Exercise prompt> In full and word for word, copy the listing; no pictures belong in the copy.

Data below>
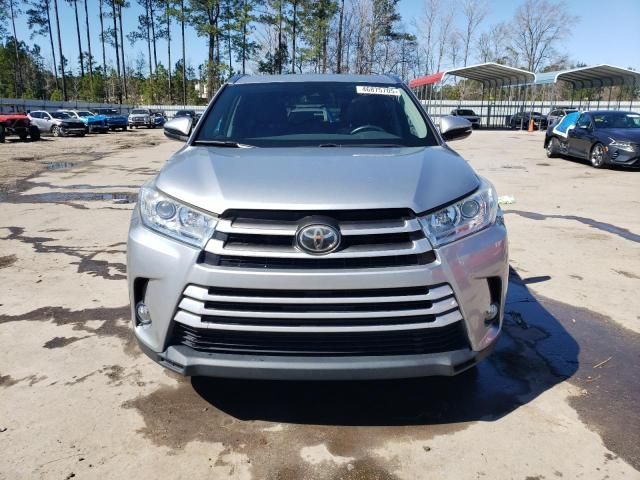 2017 Toyota Highlander SE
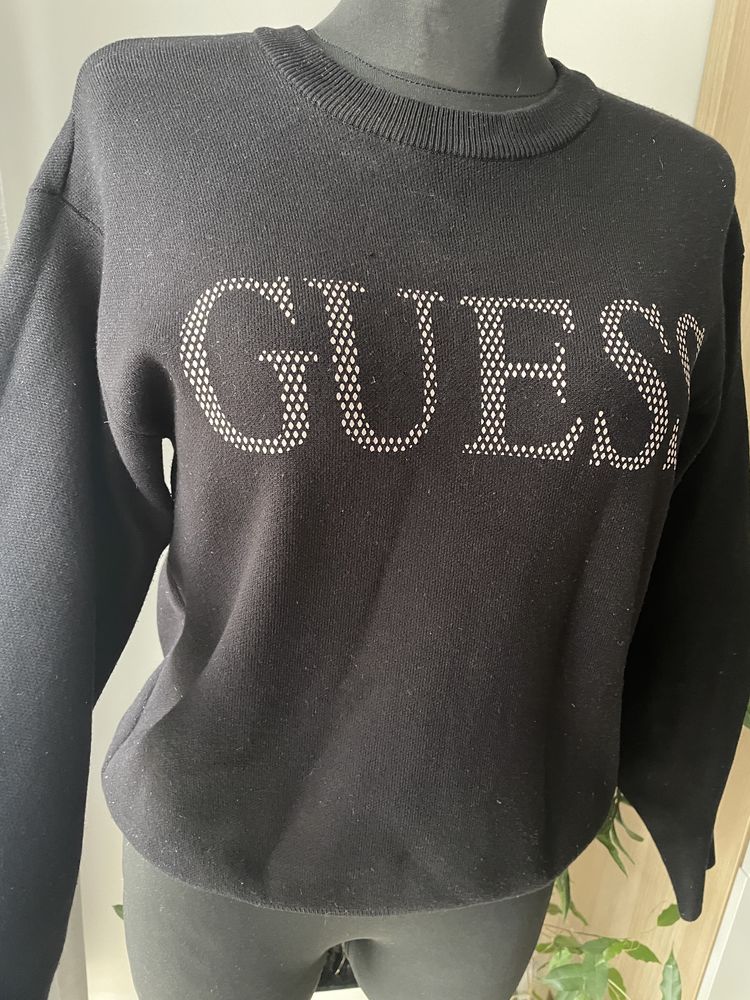 Guess rozmiar m sweterek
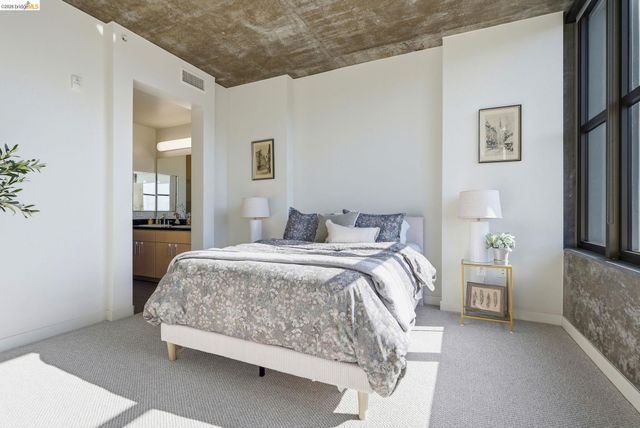 311 2nd St 516, Oakland, CA 94607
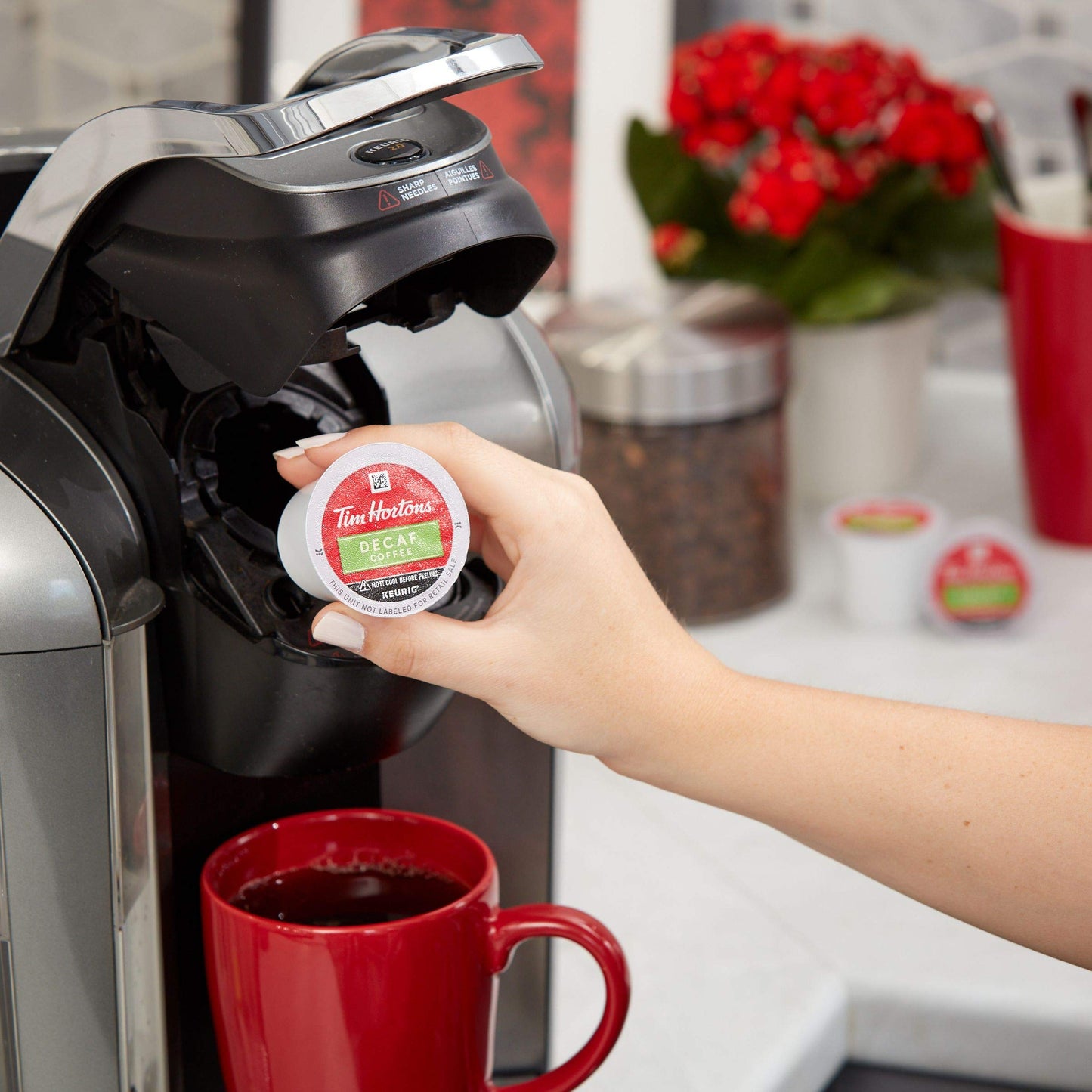 Tim Hortons Original Blend Medium Roast Coffee K-Cup Pods, 24 Count, Compatible with Keurig malt-inspired, Red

Answer section>
 2017 Toyota Highlander SE
 Guess rozmiar m sweterek
 311 2nd St 516, Oakland, CA 94607
 Tim Hortons Original Blend Medium Roast Coffee K-Cup Pods, 24 Count, Compatible with Keurig malt-inspired, Red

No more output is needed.